* [WHAT TO DO]: Print the data exactly as written, line for line, and leave its pictures behind.

* [Dataset excerpts]:
((
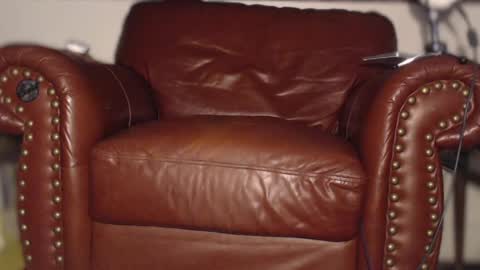 The DickGod online show from March 8, 2025, 12:09 pm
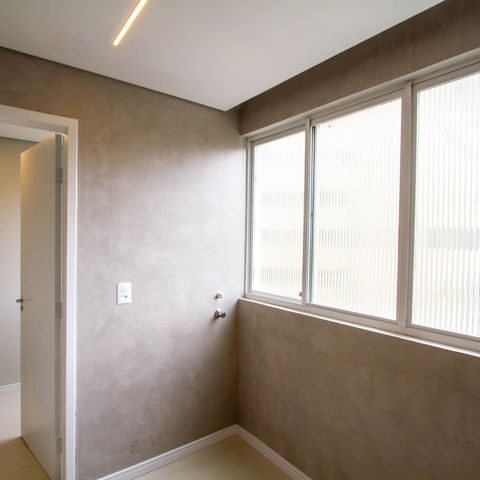 Apartamento para alugar com 150m², 3 quartos e 1 vaga Apartamento para alugar com 150m², 3 quartos e 1 vagaÁrea de Serviço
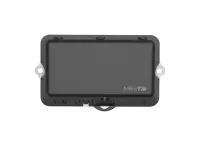 MikroTik Access Point | RB912R-2nD-LTm&EC200A-EU | 802.11n | 10/100 Mbit/s | Ethernet LAN (RJ-45) ports 1 | MU-MiMO Yes | PoE in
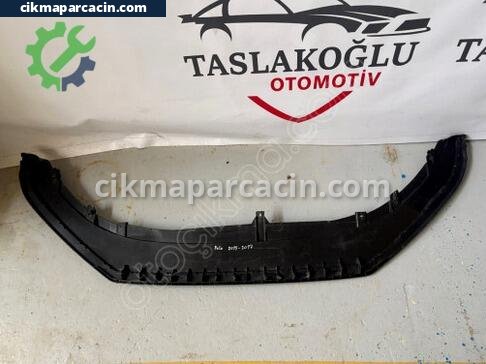 Volkswagen Polo Ön Tampon çıkma parça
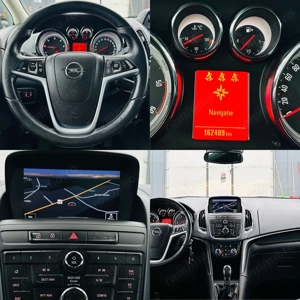 OPEL ZAFIRA - imagine 8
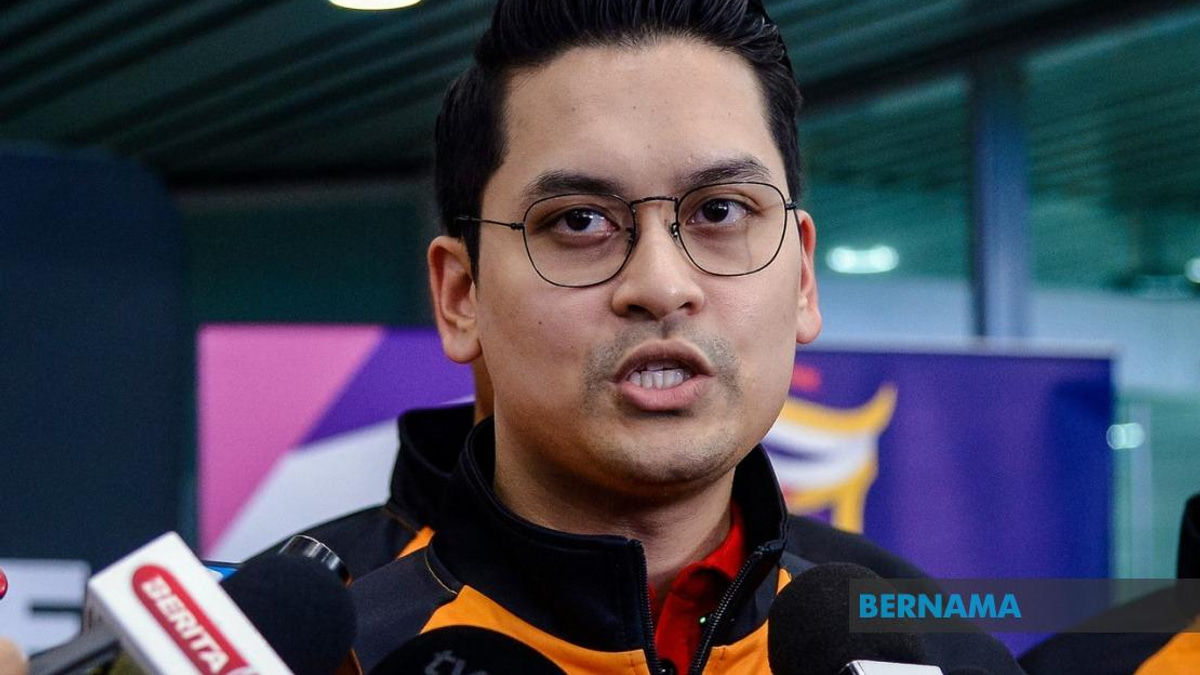 Malaysia's Youth and Sports Ministry Pledges RM4.1 Million for Weightlifting, Eyes Additional Funding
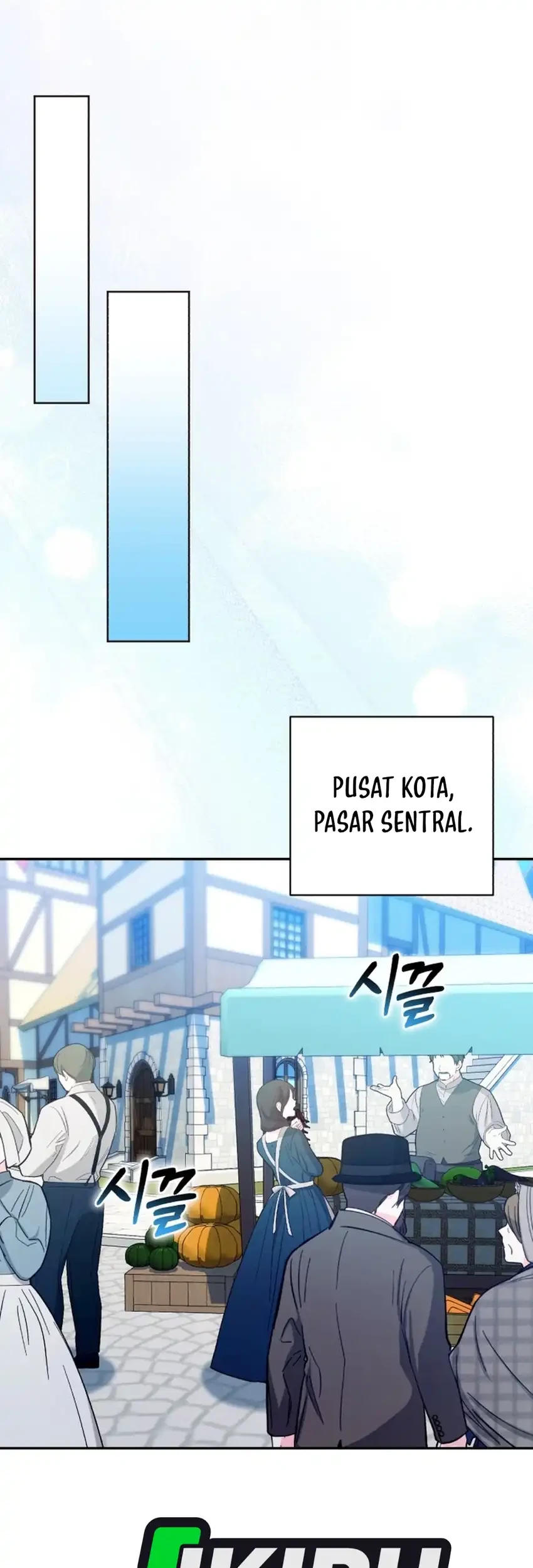 Chick Class Hunter is Being Filial! Chapter 67 - halaman 40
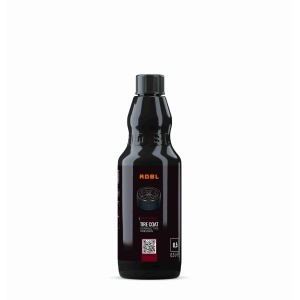 Dressing pentru anvelope ADBL Tire Coat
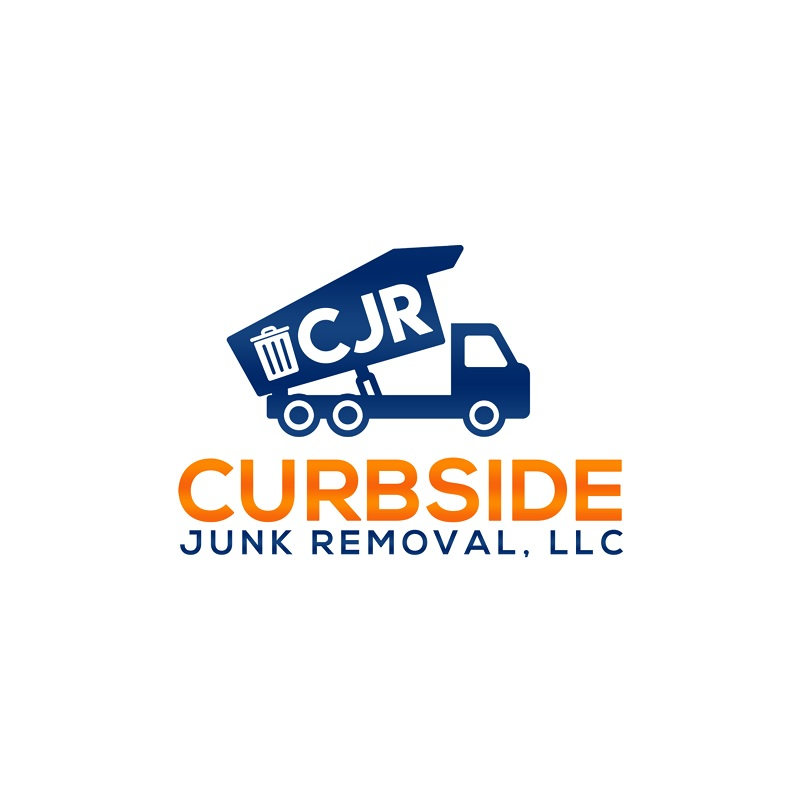 Company Logo For Curbside Junk Removal'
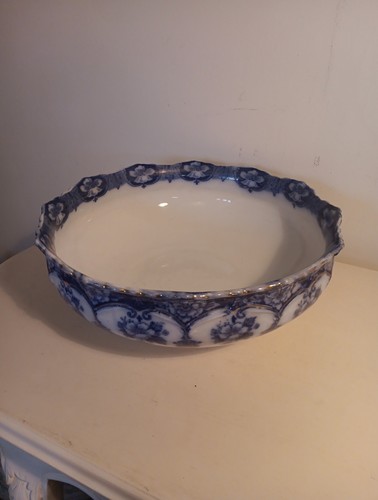 Victorian royal porcelain - victorian,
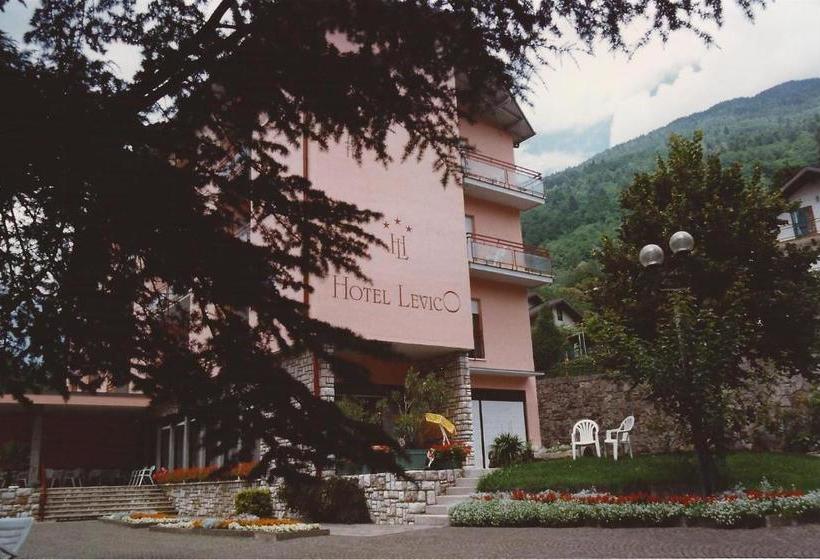 Hotel Levico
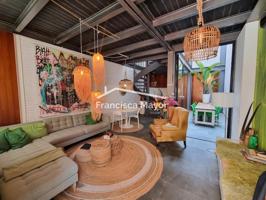 FABULOSA CASA INDEPENDIENTE EN CABANYAL ESTILO INDUSTRIAL CON DOS TERAZASA photo 0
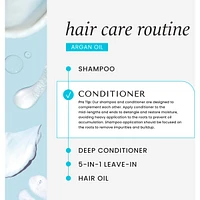 Argan Oil Repairing Conditioner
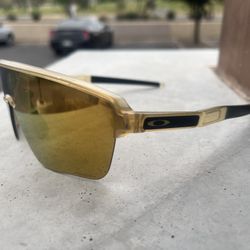Oakleys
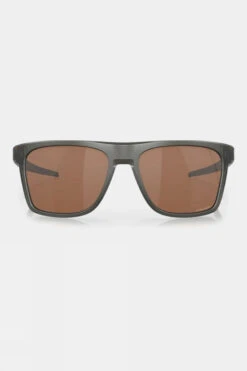 Oakley Unisex Leffingwell Sunglasses -Urban Threads b45a390072 7260 b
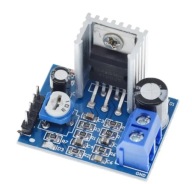 MONO ZOSILŇOVAČ 18W 6-12V TDA2030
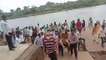 Two youths died due to drowning at Rajghat of Tapti river, two hours rescued dead body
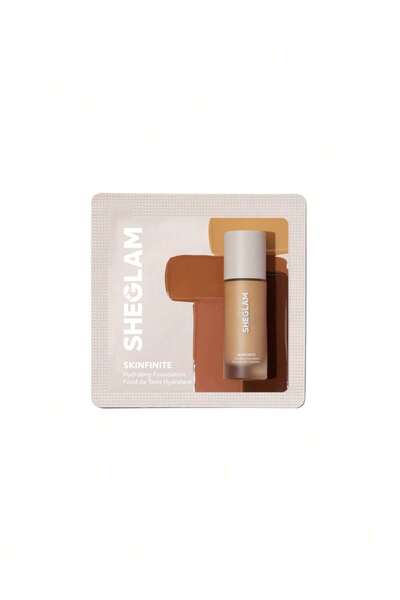 SHEGLAM Skinfinite Hydrating Foundation-Nude
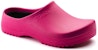 Kasut Birkenstock Super-Birki Poliuretana 'Raspberry Sorbet' 0068651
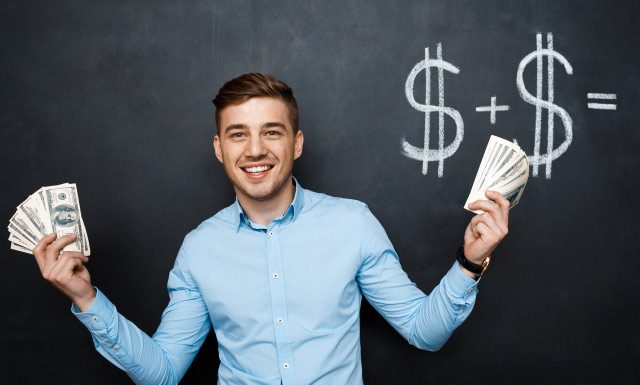 How to become a teenage millionaire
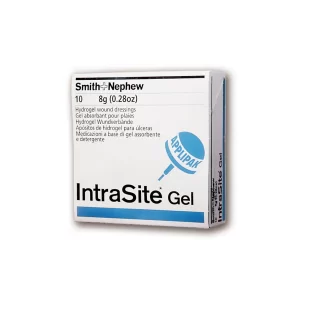 SMITH & NEPHEW INTRASITE HYDROGEL WOUND GEL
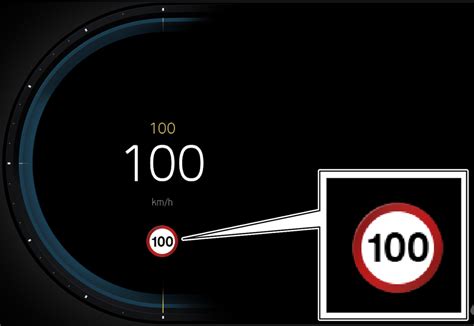 XC40 Mild Hybrid Display mode for road sign information | Volvo Support IN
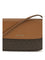 Michael Kors Alice Shoulder Bag - Brn/Acorn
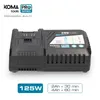 Batterieladegerät Koma Tools 08773 125 W Produktbild-Vorschau 3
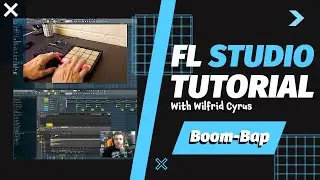 FL Studio & Maschine Collide: A Tutorial on Sampled Boom Bap Sound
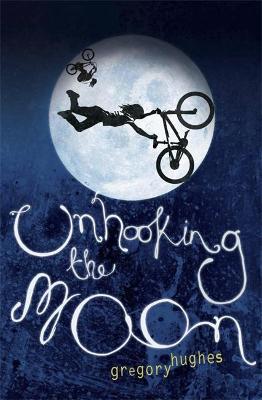 Book cover for Unhooking the Moon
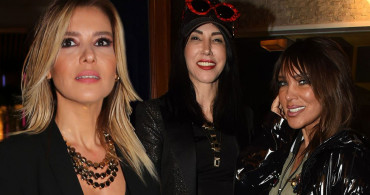 Seren Serengil'den Gülben Ergen'e Evli Adam Avcısı İthamı!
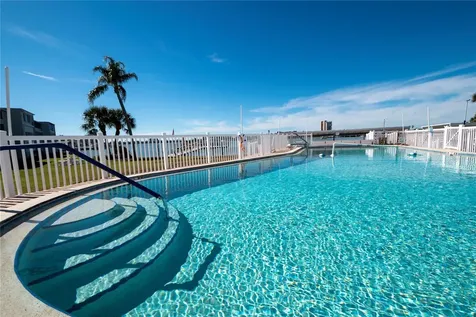 1847 Shore Drive S South Pasadena FL 33707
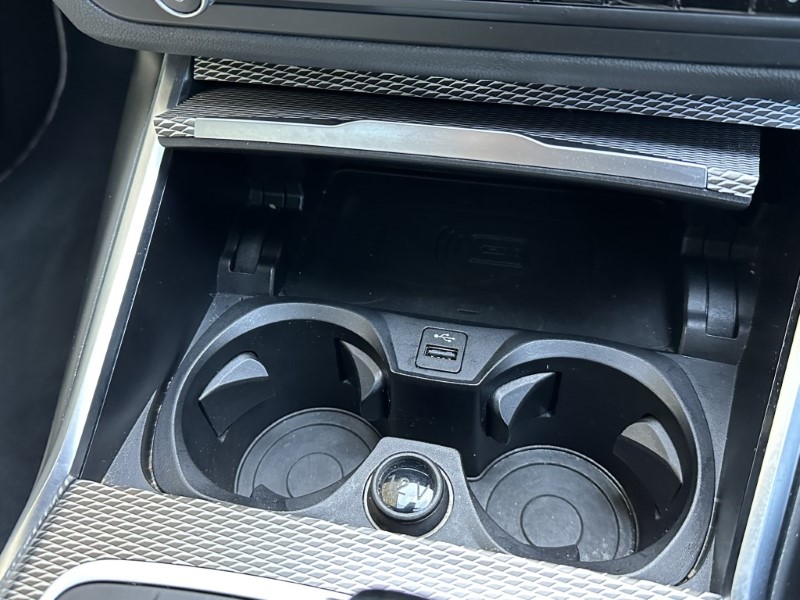 2019 (69) BMW 3 SERIES M340i xDrive 4dr Saloon  3504788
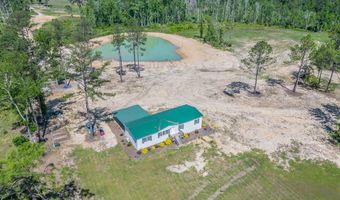 Chad Lake Rd, Alma, GA 31510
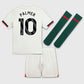 Kit Enfant Chelsea Exterieur 2025/2026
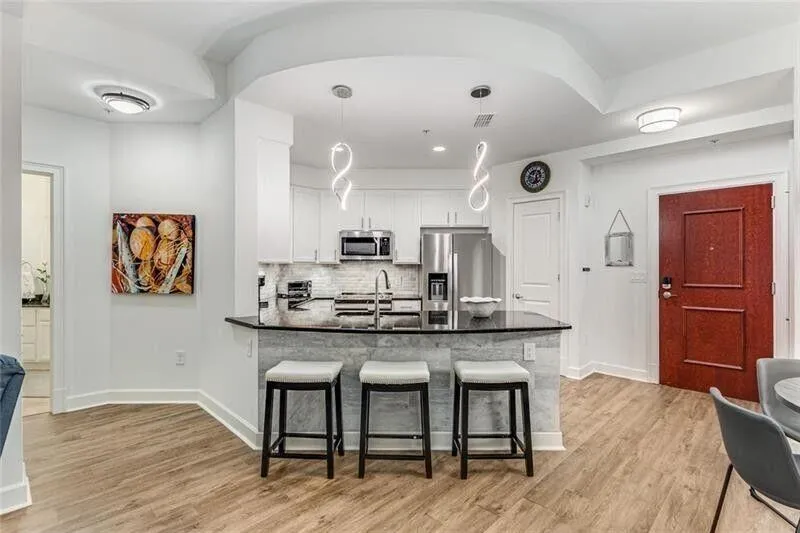 200 River Vista Drive Unit 713, Atlanta, Georgia 30339, 2 Bedrooms Bedrooms, ,2 BathroomsBathrooms,Residential,For Sale,200 River Vista Drive Unit 713,7626533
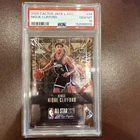 2025 Topps Nique Clifford Base (PSA 10)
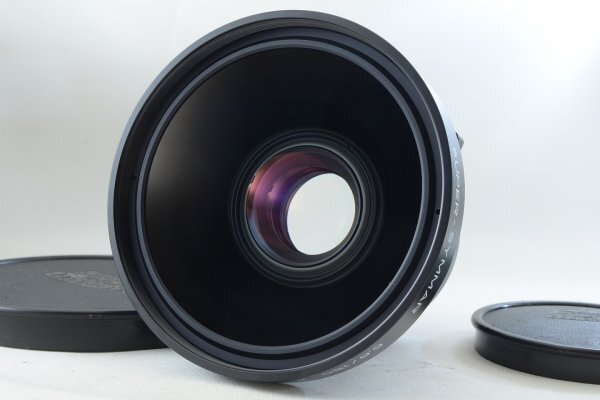 シュナイダー Schneider Super Symmar XL 150mm F5.6 7275#J 美品
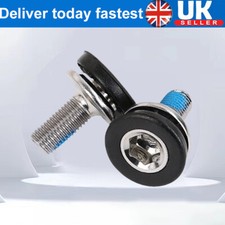Square taper bottom bracket - bottom,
))
* [EXPECTED ANSWER]:
 The DickGod online show from March 8, 2025, 12:09 pm
 Apartamento para alugar com 150m², 3 quartos e 1 vaga Apartamento para alugar com 150m², 3 quartos e 1 vagaÁrea de Serviço
 MikroTik Access Point | RB912R-2nD-LTm&EC200A-EU | 802.11n | 10/100 Mbit/s | Ethernet LAN (RJ-45) ports 1 | MU-MiMO Yes | PoE in
 Volkswagen Polo Ön Tampon çıkma parça
 OPEL ZAFIRA - imagine 8
 Malaysia's Youth and Sports Ministry Pledges RM4.1 Million for Weightlifting, Eyes Additional Funding
 Chick Class Hunter is Being Filial! Chapter 67 - halaman 40
 Dressing pentru anvelope ADBL Tire Coat
 Company Logo For Curbside Junk Removal'
 Victorian royal porcelain - victorian,
 Hotel Levico
 FABULOSA CASA INDEPENDIENTE EN CABANYAL ESTILO INDUSTRIAL CON DOS TERAZASA photo 0
 Argan Oil Repairing Conditioner
Oakleys
 Oakley Unisex Leffingwell Sunglasses -Urban Threads b45a390072 7260 b
 MONO ZOSILŇOVAČ 18W 6-12V TDA2030
 Two youths died due to drowning at Rajghat of Tapti river, two hours rescued dead body
 SHEGLAM Skinfinite Hydrating Foundation-Nude
 Kasut Birkenstock Super-Birki Poliuretana 'Raspberry Sorbet' 0068651
 How to become a teenage millionaire
 SMITH & NEPHEW INTRASITE HYDROGEL WOUND GEL
 XC40 Mild Hybrid Display mode for road sign information | Volvo Support IN
 Michael Kors Alice Shoulder Bag - Brn/Acorn
 Batterieladegerät Koma Tools 08773 125 W Produktbild-Vorschau 3
 FL Studio & Maschine Collide: A Tutorial on Sampled Boom Bap Sound
 Book cover for Unhooking the Moon
 Seren Serengil'den Gülben Ergen'e Evli Adam Avcısı İthamı!
 1847 Shore Drive S South Pasadena FL 33707
 2019 (69) BMW 3 SERIES M340i xDrive 4dr Saloon  3504788
 Chad Lake Rd, Alma, GA 31510
 Kit Enfant Chelsea Exterieur 2025/2026
 200 River Vista Drive Unit 713, Atlanta, Georgia 30339, 2 Bedrooms Bedrooms, ,2 BathroomsBathrooms,Residential,For Sale,200 River Vista Drive Unit 713,7626533
 2025 Topps Nique Clifford Base (PSA 10)
 シュナイダー Schneider Super Symmar XL 150mm F5.6 7275#J 美品
Square taper bottom bracket - bottom,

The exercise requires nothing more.